Wool fiber has scales on it which help make it a superb insulator but also make it so dirt just brushes off. Get the jacket soaked in mud after puddle biking? It will look filthy but just let it dry and then shake it out!
Boiled wool is often our layer of choice for under a rain jacket, especially when the kids are at forest school and it’s raining in the morning but might be still cold but not raining in the afternoon. They can handle a light drizzle or wet snow very well too, the snow or water will bead up on them because of the lanolin in the wool.
Eventually they will start to absorb the rain and get heavy, so if it’s raining or very wet snow we put on the rain gear or use extra layers.
We also wear them a lot with our rain bibs for lake/mud exploring in shoulder seasons. You can lanolize them for extra waterproofing, but they don’t need it.
In the winter, we will often wear them under snowsuits as an extra layer. Both my girls run cold so it’s great to have this extra layer we can add; it’s always a bonus when gear can work in different ways through different seasons. Just make sure there is enough space to fit a double layer and still trap enough warm air against their bodies to keep them warm.
When worn as an outer layer by themselves or over a down jacket, they are awesome in the snow. Even after prolonged rolling, the kids have stayed toasty warm even as snow chunks form and stick to the outside. The hood is the perfect size, offering visibility but full coverage and perfect for layering.
Other Styles of Boiled Wool from Disana
Disana also makes a boiled wool bunting, which is one of my absolute favorite pieces of gear for babies. It has fold-over cuffs on the hands and feet, and my kids wore the 6-12 month size from when they were a few months old until they were about 3 years old. It was huge but cuffs folded over, and they were in carriers so allowed plenty of room for knee-bend while babywearing.
The 12-24 month size (the biggest size they make in this style) also runs very large, and my kids generally wore that one from about 1.5 to 4.
The bunting is generous in the torso, so even when it didn’t exactly *fit*, the kids were still able to wear them when they wanted. They were just capris and 3/4 length sleeves, but still did the job of insulating and when worn with gloves and boots it worked when they outgrew that largest 12-24mo size but still wanted to wear a cozy bunting.
Boiled Wool Overalls
Disana makes a boiled wool overall that pair very well with their jackets, and is their “big kid” version of the bunting. They run less generously than the buntings, they are a slimmer fit. But they’re just as warm and durable!

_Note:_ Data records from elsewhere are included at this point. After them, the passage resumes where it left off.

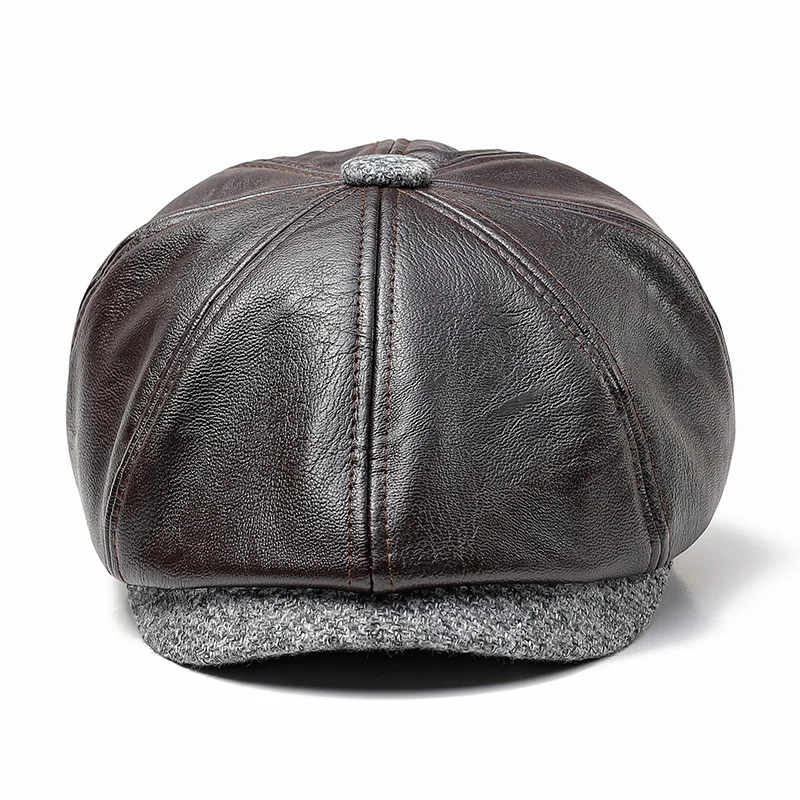 Solid Color Women's PU Octagonal Cap Autumn Winter New Men Classic Painter Hat Outdoor Casual Fashion Newsboy |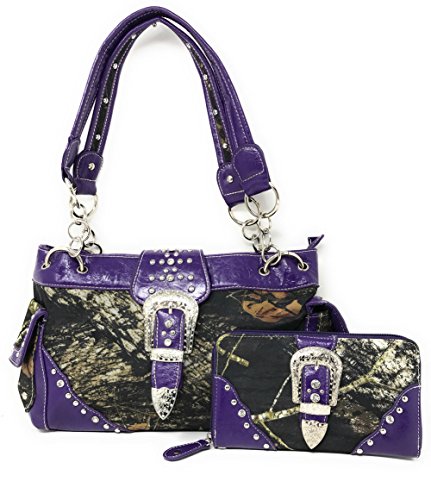 Premium Women’s Camouflage Buckle Shoulder Handbag Wallet in Multi-Color (Purple)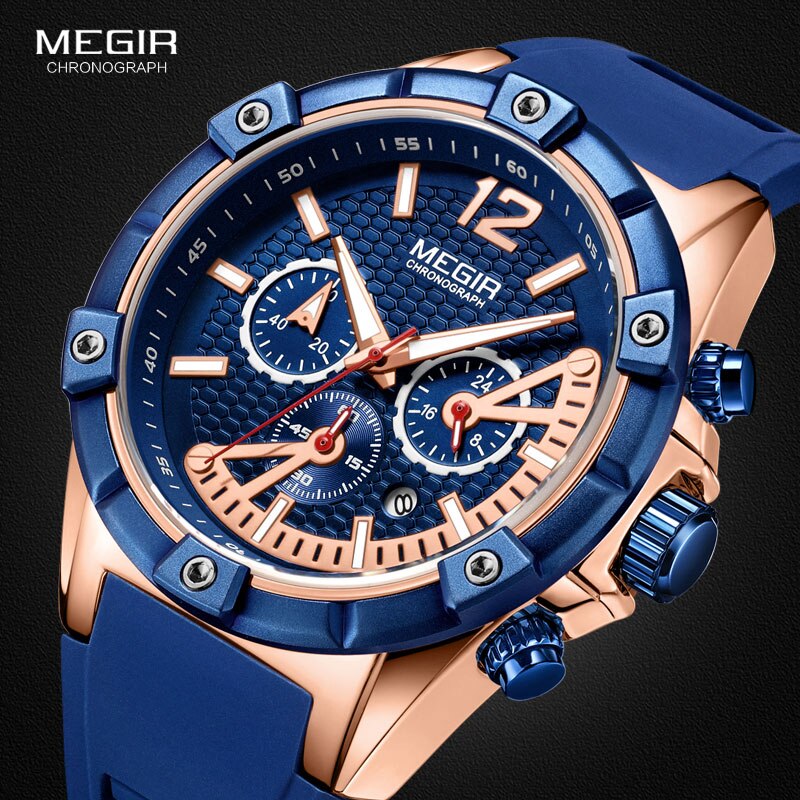 MEGIR Men's Sports Chronograph Quartz Wrist Watches Army Silicone Waterproof Stopwatch Relojios Masculinos Man ClockMN2083-2N0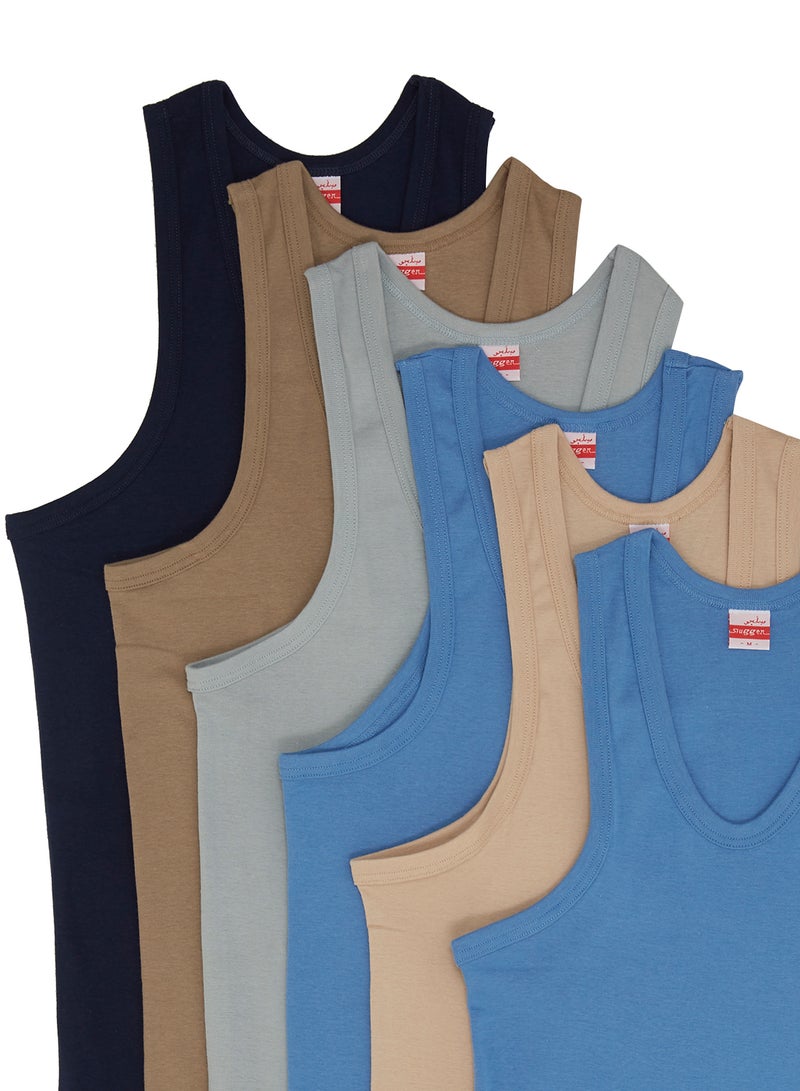 SLUGGER 6-Piece Cotton Vest Multicolour - Image 3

The overalls come up higher in the back and have two buttons in the front so you can adjust the sizing a bit.
These mittens are great on their own or for layering. They hold up to snowplay very well, especially given that they have no added waterproofing besides wool’s natural ability to resist moisture!
We also love layering them under rain mittens for total protection on wet snow days or for puddle splashing in the spring and fall.

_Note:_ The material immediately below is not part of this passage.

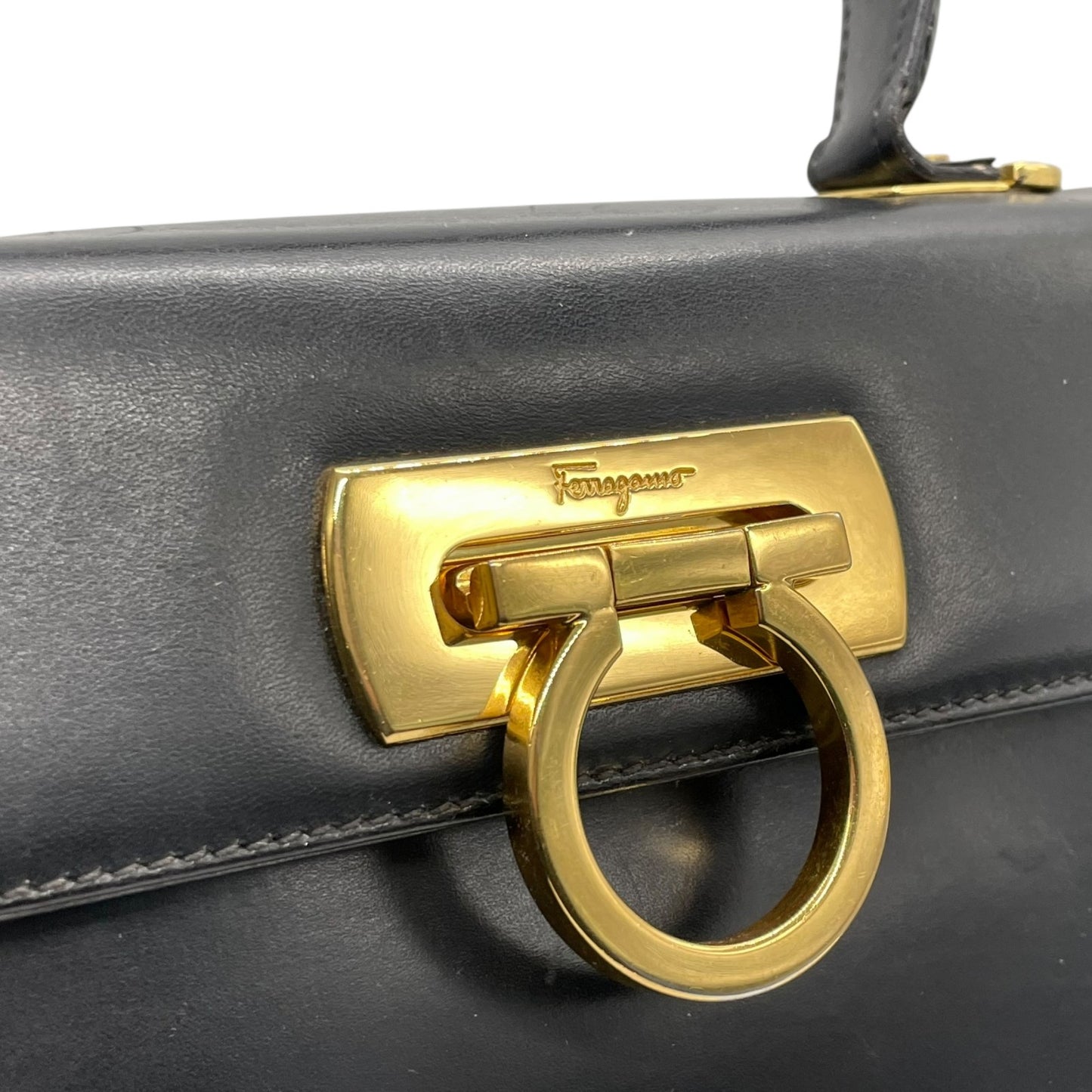 Salvatore Ferragamo フェラガモ ガンチーニ ハンドバッグ カーフレザー ブラック ゴールド金具 ヴィンテージ フォーマル A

The mittens come on strings which is very handy, but the strings are a bit long. We like to tie them to take a few inches off the length.
What I love
Disana’s boiled wool is versatile, warm, and very durable. It lasts a long time and is the kind of gear you can pass through all your children and still pass it on looking pretty much new.
The hoods are perfectly sized, and we have no trouble layering balaclavas underneath or snow/rain suits over the top. They cuff easily, and the buttons are easy for kids to do.
The pieces also look nice and many of the colors would probably work as a dressier/less outerwear-looking coat. Boiled wool cleans up well but you hardly ever need to clean it, just let it dry and shake it out and it looks clean.
What I don’t love:
A small gripe is that the jackets are lined with organic cotton. We try to never wear cotton outside, and I wish they were lined with merino. But this would of course make them pricier, and we’ve never had much trouble with the cotton layer getting wet (and therefore being cold), even after rolling around in the snow for hours. And this is something that’s seen in a lot of outerwear so it is not unique to Disana.
I also wish they were made in bigger sizes. The jackets max out at size 4/5, which my almost 6yo still fits in but probably won’t fit next year. They do make a new style of jacket and coat that go up to size 11/12; it’s a zip style and might work just as well but we have not tried it yet.
The Bottom Line
Boiled wool is a versatile piece of gear, and don’t let hand-wash wool care scare you off – they require very little fuss!